Advanced bg Robertie( read all of them)
Reno 86
4. Bg with the champions ----- Goulding
This will take me a year, but do you agree with this, where can I get these
books
Thanks
Tom
Albert Steg (Winsor)
In a previous article, fah...@fnald0.fnal.gov () says:
>
>I would like some helpful advice on what bg books I should read and. . .
>1. backgammon - magriel (the best 1st solid book, where can I get it)
> or backgammon handbook (read if can't find the bible)
>
>2. world class bg- Friedman
>
>3. Genuk vs dwek
> Advanced bg Robertie( read all of them)
> Reno 86
>
>4. Bg with the champions ----- Goulding
These look like good books for you to be learning from at this point.
Magriel's book is hard but not impossible to find these days. Much depends
on where you live. Try your local used book stores, where if you find one
it may cost as little as $10. I've only ever found one in Boston over the
past few years. Otherwise, you'll have to pay much more from someone who
traffics in used BG books, and it will cost somewhere between $70-$100,
probably. Perhaps, though, some player will be willing to part with it more
cheaply! (There are libraries, too. . .).
I've enjoyed buying occasional items from Carol Joy Cole, who runs the
_Flint Area Backgammon News_. Contact her and ask for her used/rare book
list.
Carol Joy Cole
3003 Ridgecliffe Drive
Flint, MI 48532-3730
Phone/Fax: 810/232-9731
Carol Joy's newsletter has a full page menu of books & equipment every other
issue. She does carry the Kleinman books and some of the Robertie books,
too, so she may be your "all-purpose" merchant.
You can get the Robertie material and a nice catalog of various books and
equipment from Robertie himself at the following address:
The Gammon Press
P.O. Box 294
Arlington, MA 02174
tel. 617-641-2091
Fax: 617-641-2660
Whether or not it would be worth your money buying Magriel may depend on the
strength of your game *and* your ability to explain the reasons why you
make the moves you do.
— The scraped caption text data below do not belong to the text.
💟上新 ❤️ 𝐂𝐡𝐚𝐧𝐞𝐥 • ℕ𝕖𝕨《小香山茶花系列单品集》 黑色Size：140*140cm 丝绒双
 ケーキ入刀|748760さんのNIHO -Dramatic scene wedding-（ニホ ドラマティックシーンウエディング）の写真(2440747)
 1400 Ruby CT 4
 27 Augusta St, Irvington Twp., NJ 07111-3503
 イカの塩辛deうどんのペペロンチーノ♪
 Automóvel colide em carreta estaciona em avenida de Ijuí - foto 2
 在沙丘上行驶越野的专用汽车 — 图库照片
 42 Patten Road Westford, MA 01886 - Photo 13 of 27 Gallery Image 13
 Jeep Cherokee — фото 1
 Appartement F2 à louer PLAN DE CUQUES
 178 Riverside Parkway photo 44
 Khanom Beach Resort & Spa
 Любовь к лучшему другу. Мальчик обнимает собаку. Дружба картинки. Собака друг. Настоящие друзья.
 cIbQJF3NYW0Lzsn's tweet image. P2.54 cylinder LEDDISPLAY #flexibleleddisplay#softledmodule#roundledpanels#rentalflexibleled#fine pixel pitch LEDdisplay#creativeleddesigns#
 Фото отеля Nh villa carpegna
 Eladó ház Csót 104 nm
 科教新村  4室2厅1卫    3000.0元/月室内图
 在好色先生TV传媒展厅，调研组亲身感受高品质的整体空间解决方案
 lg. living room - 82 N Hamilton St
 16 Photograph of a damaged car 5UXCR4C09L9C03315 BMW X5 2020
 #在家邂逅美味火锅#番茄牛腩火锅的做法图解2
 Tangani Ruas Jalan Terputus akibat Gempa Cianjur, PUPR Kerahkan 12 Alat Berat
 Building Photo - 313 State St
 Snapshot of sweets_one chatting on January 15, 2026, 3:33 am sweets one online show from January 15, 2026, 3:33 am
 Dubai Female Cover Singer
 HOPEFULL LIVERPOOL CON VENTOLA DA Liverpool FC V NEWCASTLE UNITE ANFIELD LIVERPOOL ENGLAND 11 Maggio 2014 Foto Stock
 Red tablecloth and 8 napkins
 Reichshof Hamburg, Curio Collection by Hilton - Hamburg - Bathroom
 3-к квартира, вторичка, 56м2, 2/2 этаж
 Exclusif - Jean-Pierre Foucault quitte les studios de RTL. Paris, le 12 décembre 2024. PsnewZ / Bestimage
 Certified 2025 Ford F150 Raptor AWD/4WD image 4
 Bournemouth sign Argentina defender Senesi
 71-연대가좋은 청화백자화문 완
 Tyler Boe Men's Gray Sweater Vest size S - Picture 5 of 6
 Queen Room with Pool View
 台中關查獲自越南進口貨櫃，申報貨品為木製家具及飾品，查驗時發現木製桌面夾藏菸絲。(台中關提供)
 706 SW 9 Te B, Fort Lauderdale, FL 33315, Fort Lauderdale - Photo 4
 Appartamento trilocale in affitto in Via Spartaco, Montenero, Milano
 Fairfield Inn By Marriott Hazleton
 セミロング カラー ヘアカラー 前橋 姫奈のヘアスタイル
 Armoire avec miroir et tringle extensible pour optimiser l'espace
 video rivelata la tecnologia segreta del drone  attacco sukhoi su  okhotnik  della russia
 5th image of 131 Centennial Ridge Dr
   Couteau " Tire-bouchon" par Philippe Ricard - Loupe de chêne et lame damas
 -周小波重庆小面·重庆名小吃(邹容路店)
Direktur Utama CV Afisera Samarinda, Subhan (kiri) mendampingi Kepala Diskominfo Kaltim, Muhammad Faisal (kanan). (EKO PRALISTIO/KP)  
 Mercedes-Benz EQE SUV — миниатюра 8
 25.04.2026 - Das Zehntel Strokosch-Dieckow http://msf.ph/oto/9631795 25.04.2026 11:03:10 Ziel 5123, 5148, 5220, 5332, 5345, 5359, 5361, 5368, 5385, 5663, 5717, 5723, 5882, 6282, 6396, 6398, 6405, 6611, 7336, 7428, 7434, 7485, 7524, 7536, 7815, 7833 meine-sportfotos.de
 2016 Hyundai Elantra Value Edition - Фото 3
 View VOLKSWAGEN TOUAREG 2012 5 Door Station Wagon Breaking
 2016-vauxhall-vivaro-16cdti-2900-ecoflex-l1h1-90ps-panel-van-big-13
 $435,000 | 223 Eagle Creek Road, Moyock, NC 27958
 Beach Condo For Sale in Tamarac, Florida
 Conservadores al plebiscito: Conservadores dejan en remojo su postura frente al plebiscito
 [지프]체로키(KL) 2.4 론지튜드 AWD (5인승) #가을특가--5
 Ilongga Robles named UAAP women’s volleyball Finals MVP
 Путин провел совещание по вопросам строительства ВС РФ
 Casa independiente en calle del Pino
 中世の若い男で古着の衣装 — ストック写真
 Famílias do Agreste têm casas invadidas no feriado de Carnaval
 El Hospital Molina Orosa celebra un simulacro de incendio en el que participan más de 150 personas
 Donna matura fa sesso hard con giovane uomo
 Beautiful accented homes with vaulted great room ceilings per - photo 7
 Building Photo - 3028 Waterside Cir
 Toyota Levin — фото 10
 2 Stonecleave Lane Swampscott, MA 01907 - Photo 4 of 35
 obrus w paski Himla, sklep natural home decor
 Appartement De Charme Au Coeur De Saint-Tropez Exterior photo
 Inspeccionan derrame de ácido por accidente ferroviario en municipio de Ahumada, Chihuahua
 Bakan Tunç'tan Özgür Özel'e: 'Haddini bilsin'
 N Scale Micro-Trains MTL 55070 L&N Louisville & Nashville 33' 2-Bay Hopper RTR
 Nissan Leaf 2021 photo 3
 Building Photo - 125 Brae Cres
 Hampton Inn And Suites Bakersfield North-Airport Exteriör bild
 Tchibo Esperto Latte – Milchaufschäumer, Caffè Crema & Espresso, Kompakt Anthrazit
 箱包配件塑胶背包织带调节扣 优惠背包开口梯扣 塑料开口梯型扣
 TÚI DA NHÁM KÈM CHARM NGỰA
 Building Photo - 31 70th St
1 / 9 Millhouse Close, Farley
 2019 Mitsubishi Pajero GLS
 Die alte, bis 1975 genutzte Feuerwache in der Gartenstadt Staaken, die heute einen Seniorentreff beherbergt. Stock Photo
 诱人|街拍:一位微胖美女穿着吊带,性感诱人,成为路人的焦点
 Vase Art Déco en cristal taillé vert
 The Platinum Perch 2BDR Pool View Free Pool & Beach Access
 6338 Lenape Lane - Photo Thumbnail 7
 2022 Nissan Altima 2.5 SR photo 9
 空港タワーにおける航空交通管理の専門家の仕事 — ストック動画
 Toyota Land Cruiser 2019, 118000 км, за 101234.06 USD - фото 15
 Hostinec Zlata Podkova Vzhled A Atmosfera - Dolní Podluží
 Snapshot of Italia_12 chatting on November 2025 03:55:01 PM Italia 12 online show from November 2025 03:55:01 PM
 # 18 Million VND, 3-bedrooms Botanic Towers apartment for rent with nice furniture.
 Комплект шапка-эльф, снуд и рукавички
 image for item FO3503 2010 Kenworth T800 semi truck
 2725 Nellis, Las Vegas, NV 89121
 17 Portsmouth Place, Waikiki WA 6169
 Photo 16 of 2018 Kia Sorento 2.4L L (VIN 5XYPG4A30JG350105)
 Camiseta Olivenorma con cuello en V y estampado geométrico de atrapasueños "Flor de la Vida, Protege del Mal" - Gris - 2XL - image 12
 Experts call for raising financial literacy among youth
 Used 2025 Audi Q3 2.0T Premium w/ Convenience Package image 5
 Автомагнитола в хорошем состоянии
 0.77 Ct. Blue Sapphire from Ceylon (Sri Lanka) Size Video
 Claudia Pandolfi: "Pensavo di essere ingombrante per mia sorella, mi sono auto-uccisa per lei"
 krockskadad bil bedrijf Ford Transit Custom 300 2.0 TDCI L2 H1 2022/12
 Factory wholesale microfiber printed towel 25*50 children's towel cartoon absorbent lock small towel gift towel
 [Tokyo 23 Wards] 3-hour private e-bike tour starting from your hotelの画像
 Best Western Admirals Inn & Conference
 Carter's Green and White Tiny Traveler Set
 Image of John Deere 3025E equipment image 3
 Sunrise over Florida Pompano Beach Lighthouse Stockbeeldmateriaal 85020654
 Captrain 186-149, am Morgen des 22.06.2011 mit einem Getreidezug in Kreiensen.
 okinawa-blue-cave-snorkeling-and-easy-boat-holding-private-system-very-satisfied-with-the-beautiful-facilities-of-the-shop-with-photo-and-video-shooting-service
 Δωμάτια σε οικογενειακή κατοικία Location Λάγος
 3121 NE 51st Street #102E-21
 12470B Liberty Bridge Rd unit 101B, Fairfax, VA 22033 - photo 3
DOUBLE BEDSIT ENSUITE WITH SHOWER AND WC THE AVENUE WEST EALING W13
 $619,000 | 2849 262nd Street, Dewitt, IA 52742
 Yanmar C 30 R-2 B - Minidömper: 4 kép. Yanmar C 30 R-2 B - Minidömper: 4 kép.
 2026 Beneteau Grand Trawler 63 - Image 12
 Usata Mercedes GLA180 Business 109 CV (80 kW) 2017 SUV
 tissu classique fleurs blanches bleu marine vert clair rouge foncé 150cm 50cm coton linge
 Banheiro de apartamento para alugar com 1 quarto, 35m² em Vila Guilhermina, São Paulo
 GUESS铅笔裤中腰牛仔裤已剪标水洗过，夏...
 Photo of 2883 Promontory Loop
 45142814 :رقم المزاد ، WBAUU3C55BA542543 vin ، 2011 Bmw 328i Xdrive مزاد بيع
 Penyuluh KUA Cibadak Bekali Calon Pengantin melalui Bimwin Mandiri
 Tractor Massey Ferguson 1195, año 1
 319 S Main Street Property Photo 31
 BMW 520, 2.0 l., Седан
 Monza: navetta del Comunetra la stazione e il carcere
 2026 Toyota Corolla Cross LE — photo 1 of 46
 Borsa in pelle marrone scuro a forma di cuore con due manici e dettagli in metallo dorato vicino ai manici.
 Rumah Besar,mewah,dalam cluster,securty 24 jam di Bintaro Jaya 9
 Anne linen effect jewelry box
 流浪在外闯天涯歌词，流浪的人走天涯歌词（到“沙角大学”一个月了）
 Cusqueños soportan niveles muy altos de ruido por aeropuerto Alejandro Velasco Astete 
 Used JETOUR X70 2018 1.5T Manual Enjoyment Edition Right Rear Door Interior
I played for many years before "studying" the game,
and worked up a pretty good understanding of concepts like "timing" without
ever being able to articulAte them clearly. When I finally read Magriel I
didn't learn many shockingly new tactics, but I did consolidate the things
I had learnd up to that point. So for me, that book didn't immediately
change my play, but it did lay the bedrock for my future studies. I'm sure
I've won much more than $100 thanks to that book, and I've known players who
could have saved themselves a lot of expensive "practical learning" by just
shelling out and studying it to begin with.
Hope this info. is useful to you.
Albert
P.S. --There may well be other sources for these materials out there. These
are the sources that I've used, though. I hope other people will post
further on this.
--
"When it was proclaimed that the Library contained all books,the
first impression was one of extravagant happiness. All men felt
themselves to be the masters of an intact and secret treasure.
-Jorge Luis Borges, "The Library of Babel"
Bob Johnson x6152
Hmmmm. Suppose no one doubles for awhile, since the game
seems about even.
Later, my opponent has a miracle roll, or maybe I roll something bad.
Suppose my opponent suddenly has more than 70% advantage; I can drop a
cube, and have a chance to win the match. If, on the otherhand, the
cube was already at 2, then I might feel quite stupid for having doubled
early. I don't like feeling stupid. (I wonder if that measures in?)
Or -- the opposite happens and I can unexpectedly and suddenly
double my opponent out of the game. I now have 70% chance for the match.
I am no expert, but I tend to feel something can be gained by waiting so
a more informed decision can be made, rather than immediately basing the
outcome of the match on one game.
On a different subject, to disagree with earlier posts, I want to say
that "Paradoxes and Probabilities" by Barklay Cooke was worthwhile and
enjoyable for me about 15 years ago. It opened my eyes to different
aspects of evaluating plays and board positions. Later, I got stuff by
Magriel and Robertie which improved those skills. My first book,
Backgammon by Oswald Jacoby, was a worthwhile beginner book.
----- Robert D. Johnson rjoh...@cvbnet.cv.com "rjohnson" on FIBS
Christopher Yep
Scenario 1:
|
|Later, my opponent has a miracle roll, or maybe I roll something bad.
|Suppose my opponent suddenly has more than 70% advantage; I can drop a
|cube, and have a chance to win the match. If, on the otherhand, the
|cube was already at 2, then I might feel quite stupid for having doubled
|early. I don't like feeling stupid. (I wonder if that measures in?)
Ok
Scenario 2:
|
|Or -- the opposite happens and I can unexpectedly and suddenly
|double my opponent out of the game. I now have 70% chance for the match.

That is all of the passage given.